Also not sure yet, how addons will play into this, some gut feeling tells me that we might have to build different API level entries if we want critical parts to be customizable from outside (like a core, pre and post render API).

One more thought regarding the architecture (and the title of the issue): Instead of just running core in a webworker, it would be nice (and in most cases even more useful) if we consider to run core in a server-side node process (close to where the pty process is), which then talks to the UI (browser) via RPC / websockets. Technically, there shouldn't be much of a difference between communicating with a webworker vs. communicating with a server process, it's only a different transport layer.

screen shot 2018-06-25 at 14 56 04

@mofux Imho this a groundshaking thing, there are several pros and cons for it, what comes into my mind:

pros:

  • unicode versions can be synced more easily between pty and terminal core, affects wcwidth calculation, grapheme and bidi handling (not yet supported)
  • restoring old terminal sessions can be implemented much easier
  • browser memory consumption is no concern anymore
  • frontend part can be really slim, in extreme down to a pixel image as terminal representation (like a screenscraper)

cons:

  • xterm.js depends on a server part, nomore browser only deployment possible unless someone ports the nodejs core part back to browser engines again
  • negative impact on server performance (cpu and mem), this is not an issue for local apps like hyper or vscode, but will hurt remote server apps with 1k+ terminals really bad - note: frontend power is kinda free for a service provider
  • depending on the "stubiness" of the frontend the server-client comm will explode (we gonna have to request and transmit view data over and over for small changes)
  • latency for remote apps will go up
  • Why bothering with a self written core part at all? Reinventing the square wheel? Just take some well established c terminal lib, scrape the output and forward it to the browser with some key and mouse handling there as interaction layer. Done.

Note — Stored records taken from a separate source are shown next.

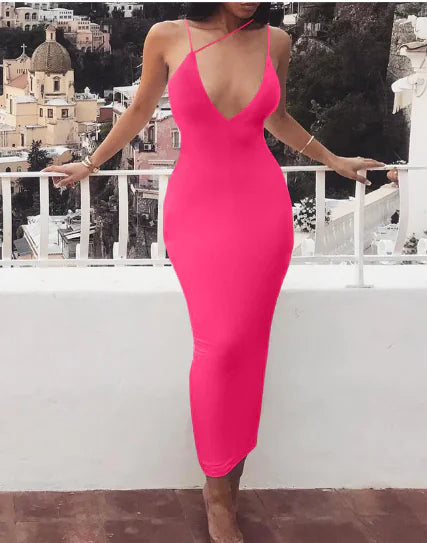 Deep V Neck Bodycon Dress with Cross Straps
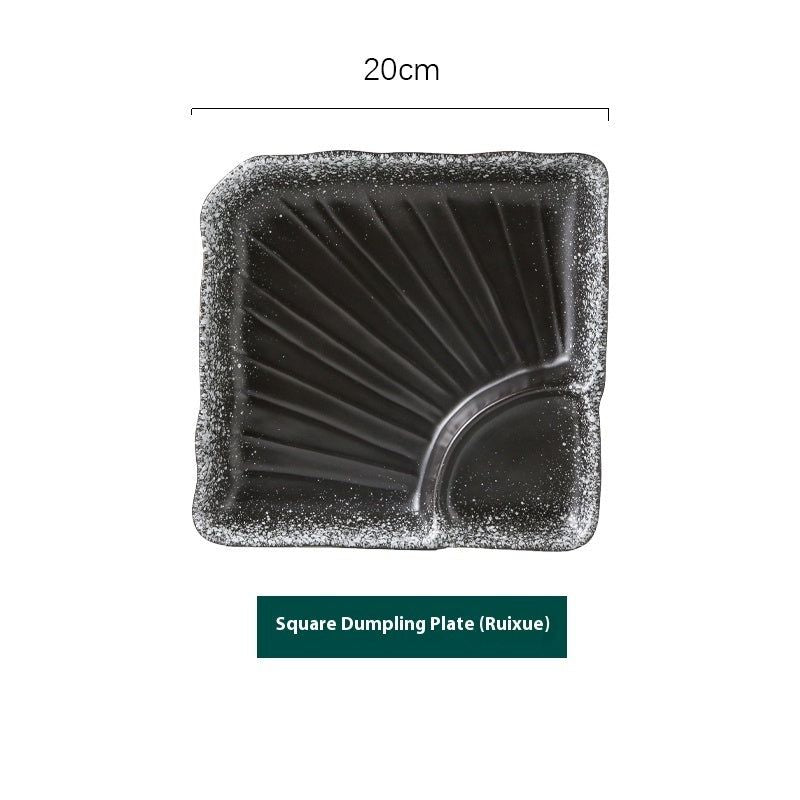 Ceramic Household Dumplings With Vinegar Dish Divided Plate - Grand Goldman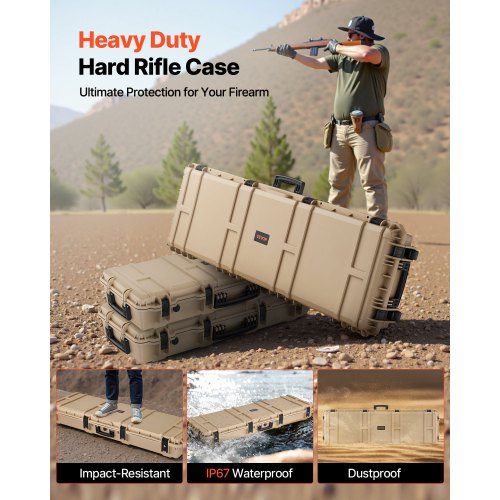 Hård gevärsväska, Låsbar gevärsväska med förskurna skum, 1320 mm vapenförvaring med hjul, Robusta IP67 vattentäta och dammtäta pistolförvaringsväskor för gevär, hagelgevär, airsoftvapen, khaki |  EU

Dont take the last point to serious, this is more rant than an objective argument. I still tend to the client core thingy for a simple reason: creating a transport layer for bytestrings is much easier/faster than handling different API states across components with different machine locations, imho. But I might be wrong with that.

@jerch Thanks for your thoughts, really appreciated! Please consider the ideas mentioned above as a testbed for discussion in order to develop a vision for future enhancements.

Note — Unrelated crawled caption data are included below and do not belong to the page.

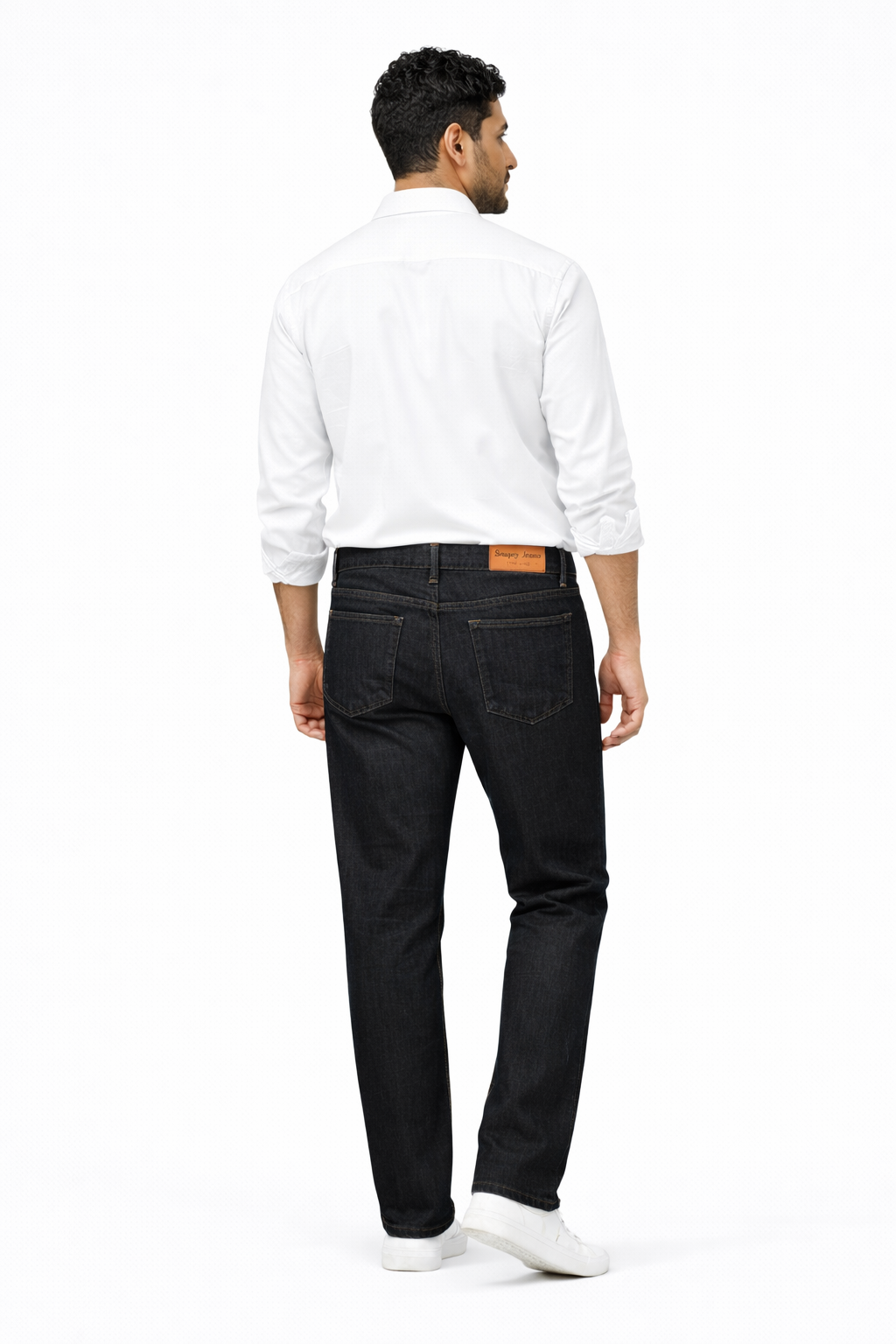 Men’s Black Slim-Straight Jeans with Subtle Knee Distress | Premium Stretch Denim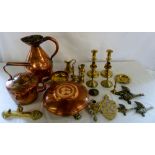 Assorted brass and copper ware inc gradu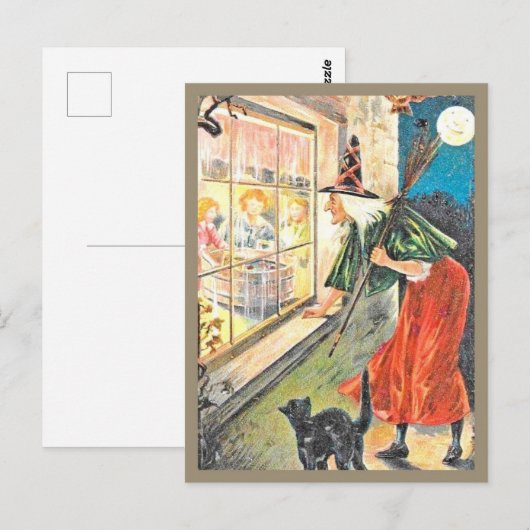 Witch peering Through Window - Halloween Briefkaart (Voorkant / Achterkant)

The main goal I'm seeing is to separate the ui from the core, so we can offload the work performed by the parser to a separate thread, unblocking the UI thread.

The second goal is to shape an interface (contract) that allows core and ui to talk to each other via some kind of IPC (be it worker.postMessage or a WebSocket, or even a traditional direct communication if both are running in the same thread like it is now). Challenge here is to keep the memory footprint minimal (we don't want to maintain the buffer + scrollback twice) and the communication overhead and payload as low as possible. If we get this right, it also opens up the opportunity to support different renderers more easily (e.g. monaco-editor)

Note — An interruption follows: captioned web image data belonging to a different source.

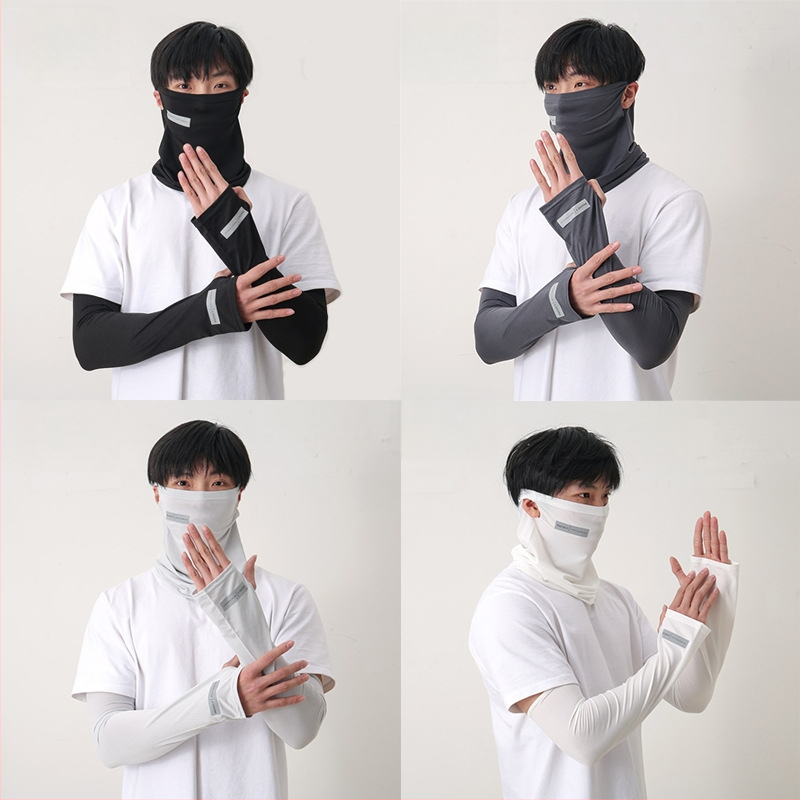 Meeste hingav päikesekaitsekaela- ja näomaski, kõrvakinnitustega, Ice Silk kangas, puuvillane alus, värske ja magus stiil, kevad 2025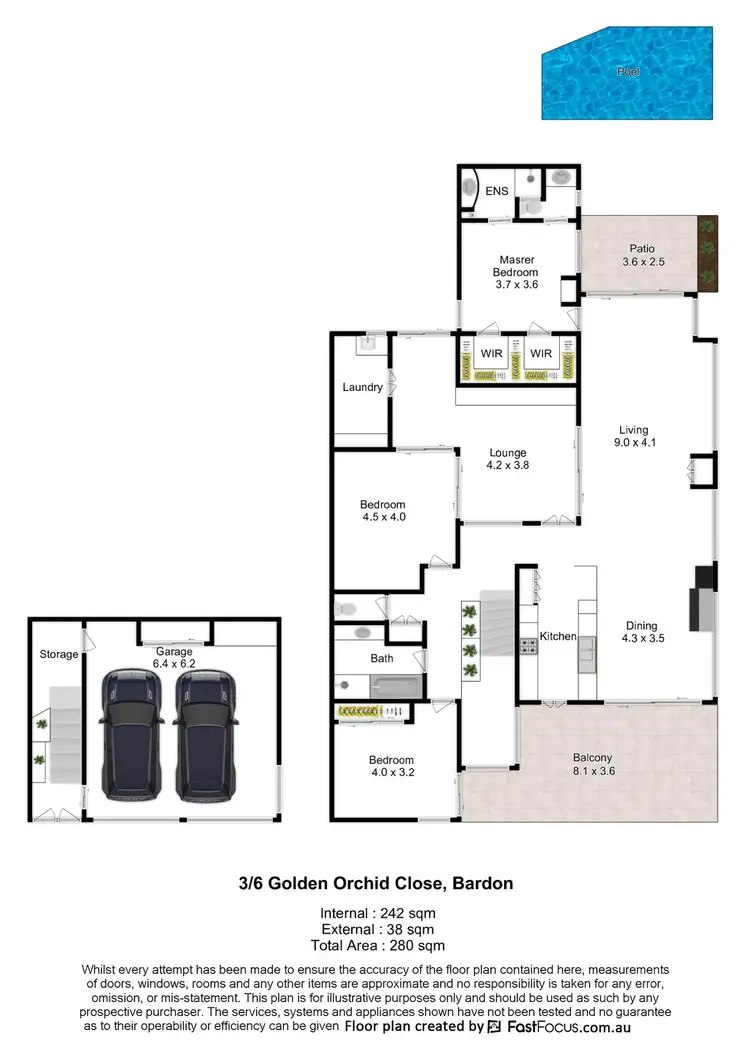 Floorplan of Homely townhouse listing, 3/6 Golden Orchid Close, Bardon QLD 4065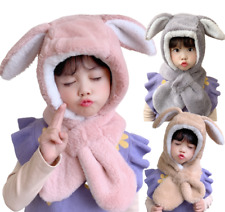 kids Girls Faux Fur Rabbit Ear Animal Trapper Hat with Scarf Snood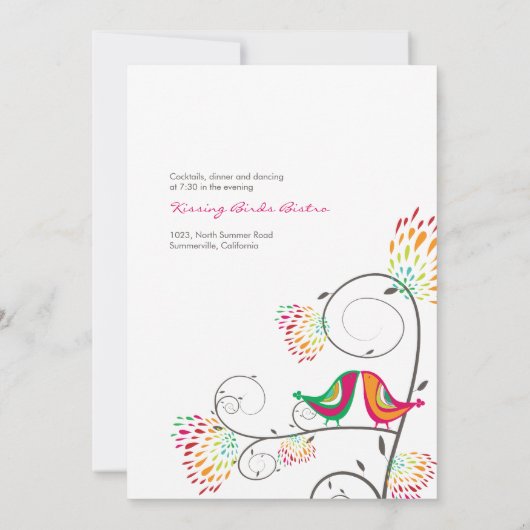 夏お洒落の愛キスをする鳥の結婚式の招待 招待状 (裏面)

xterm.js depends on a server part, nomore browser only deployment possible unless someone ports the nodejs core part back to browser engines again

I think we misunderstood here. I'm thinking of core as being a DOM independent piece of JS code that can run in the Browser, a WebWorker or Node.js without any porting. It should definitely be up to the developer to decide where core should run (depending on his use-case). My thought was to decouple core and ui as much as possible, so we could potentially support all these scenarios.

depending on the "stubiness" of the frontend the server-client comm will explode (we gonna have to request and transmit view data over and over for small changes)

It depends. If we only send incremental updates to the ui this shouldn't be much of a problem.

latency for remote apps will go up

At the moment we are sending all the pty data to the Browser frontend (with the same latency burden), which is really painful in scenarios where xterm.js is running in a browser that is far away from the server. I've seen situations where the data stream from the pty would just spam the websocket so hard that it would eventually disconnect because pings didn't come through anymore. Catching all the data at the server and only sending view updates to the browser (maybe throttled) could improve this situation. The thing is, we can't skip processing parts of the pty data stream because it has to consistently update the buffer - we have to eat it all. But we can skip / throttle updates of a view that reads from a consistent buffer state. And that's where I see the big advantage of running core at the server side. We're not forced to send the whole pty stream to the client anymore, we only send view updates. Commands like ls -lR / that rotate the buffer + scrollback multiple times a frame won't hurt the UI anymore.

I think we misunderstood here. I'm thinking of core as being a DOM independent piece of JS code that can run in the Browser, a WebWorker or Node.js without any porting. It should definitely be up to the developer to decide where core should run (depending on his use-case). My thought was to decouple core and ui as much as possible, so we could potentially support all these scenarios.

:+1:

It depends. If we only send incremental updates to the ui this shouldn't be much of a problem.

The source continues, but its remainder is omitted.